LONGER HOMILY FOLLOWS

Jesus prepared the chosen people over centuries for his resurrection. In our personal lives too, God has prepared us in various ways to deepen our encounter with the risen Lord

In this third Sunday of Easter we hear the proclamation that the God of Abraham, Isaac and Jacob has glorified his servant Jesus. Why is this affirmation so important? We find it in the third chapter of the Acts of the Apostle, one of the first announcements by Peter following the resurrection of Jesus. The point is that Jesus does not appear out of nowhere: he is the fulfilment of ancient promises. In the Gospel he tells the disciples: "These are my words that I spoke to you while I was still with you, that everything written about me in the law of Moses and in the prophets and psalms must be fulfilled." This is a precise description of the three parts of the Old Testament: the law, the prophets and the wisdom literature (represented by the psalms). The Lord Jesus prepared the world for his coming. His resurrection is the fulfilment of the history of his people. But in our personal stories also there are promises that the Lord brings to completion. There are things that prepare us for our encounter with him. In cases where people are converted to the Lord, one discovers afterwards that these conversions were prepared for over a long period.

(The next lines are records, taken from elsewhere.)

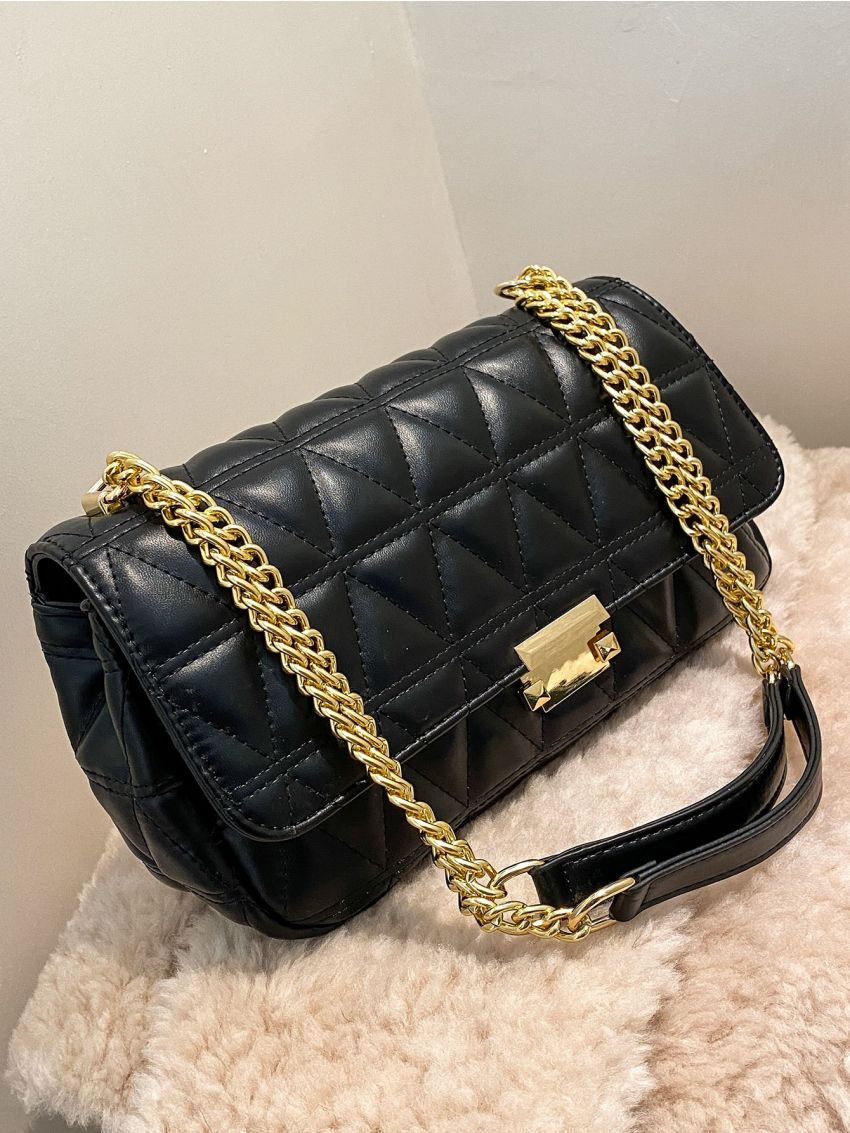 Quilted Chain Flap Square Bag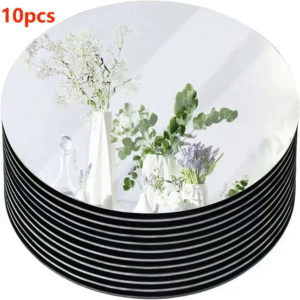10PCS Acrylic round Mirrors 8 Inch Circle Candle Plates Wedding Table Centerpieces Wall Decor Mirror Trays for Events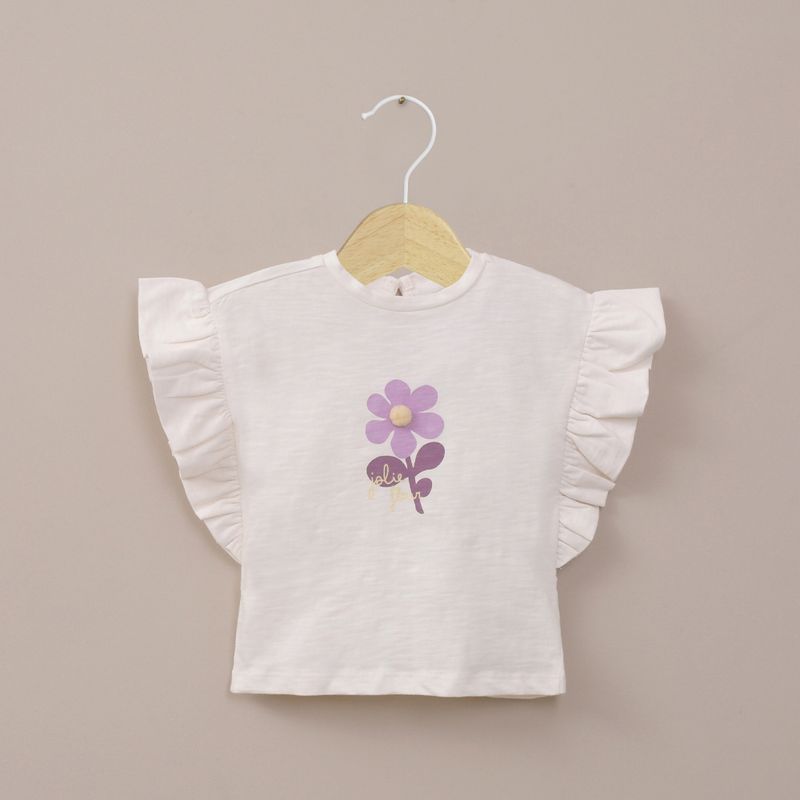 OPALINE - Polera manga corta crema de niña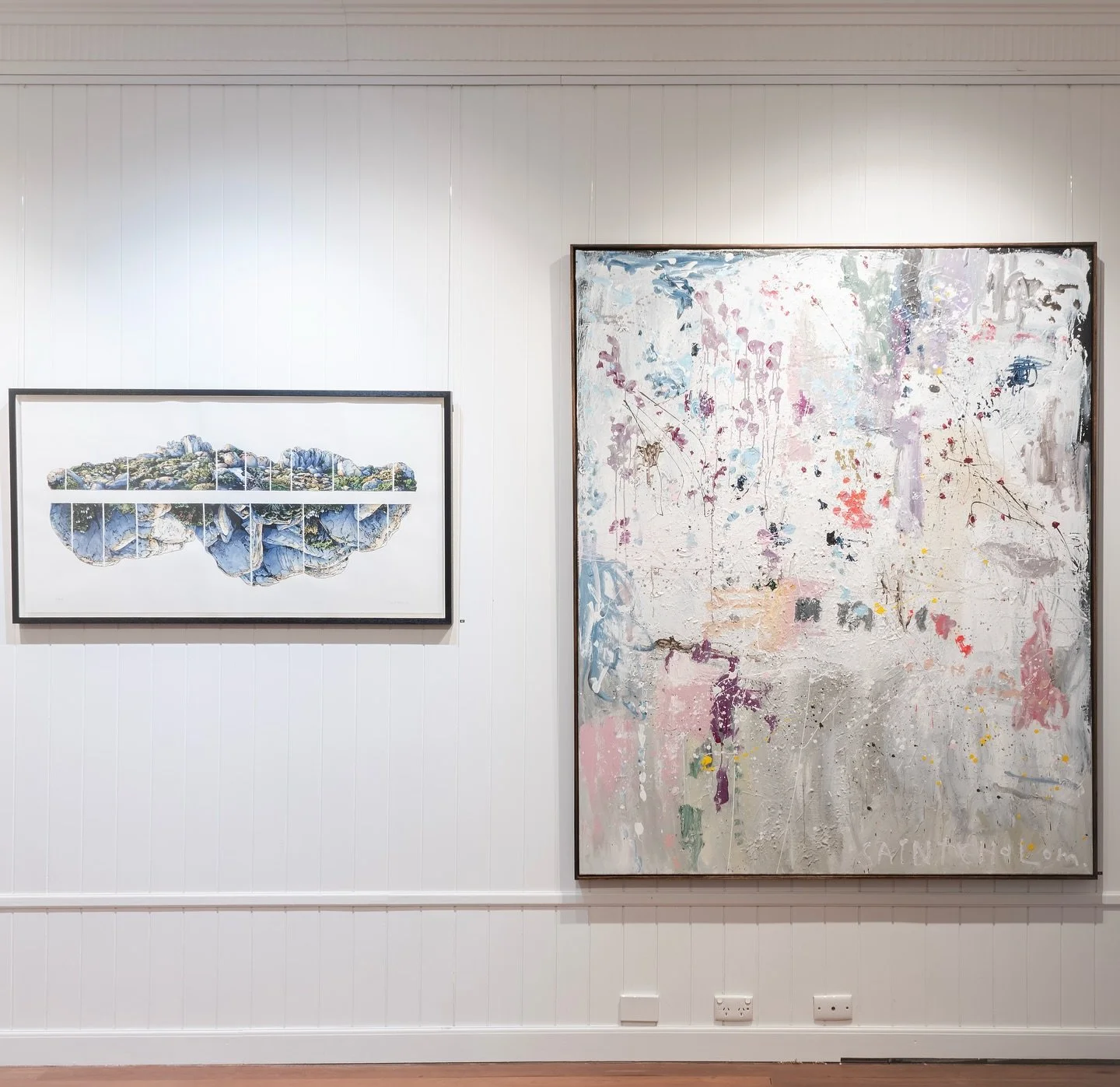 When the structure and detail of printmaking sits perfectly with the exuberance of abstraction.
Grace Gladdish mesmerising next to Saint Chalom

Christianity proclaims a life after death, but this afterlife is not some kind of spiritual or ethereal existence. It involves the resurrection of the body, a notion that is difficult to comprehend, but firmly rooted in our faith

There is another important feature of this text. That which we proclaim in this joyful time of Easter is what is perhaps most obvious – the resurrection! This is not just about life after death. Other religions too speak of life after death. Christianity goes beyond vague references to the next life with its eleventh article of the creed which affirms belief in the resurrection of the body. We believe in a resurrection that is not some form of abstract or ethereal existence. But it is not easy to explain what is meant by the resurrection of the body.  In 1 Corinthians 15, Paul provides the analogy of the seed with the plant that eventually comes into existence from the seed. The plant is very different to the seed, but is nevertheless inextricably bound to the seed. In the same way, we will plant one kind of body and rise again with a different, spiritual, body, but the two bodies are nevertheless intimately linked. This mystery cannot be penetrated by rationalistic methods, but its basis in Scripture is clear. In the Gospel, the disciples think that Jesus is a ghost. The original Greek text refers to him as a “spirit”. Jesus says to them: "Why are you troubled? Look at my hands and my feet, that it is I myself. Touch me and see, because a ghost [a “spirit”] does not have flesh and bones as you can see I have." Jesus eats with them to demonstrate that he can engage in acts that imply corporeality. It is hard for us to comprehend the meaning of this: how can the risen Lord eat the things of this world? Nevertheless, the Church has seen in these appearances of the risen Christ a truth about the resurrection of the body that it is compelled to proclaim. The great fathers of the Church have been clear on this issue. St Irenaeus of Lyon, a martyr, had an essential motto: “Caro cardo salutis”. This means that the flesh is the pivot of salvation.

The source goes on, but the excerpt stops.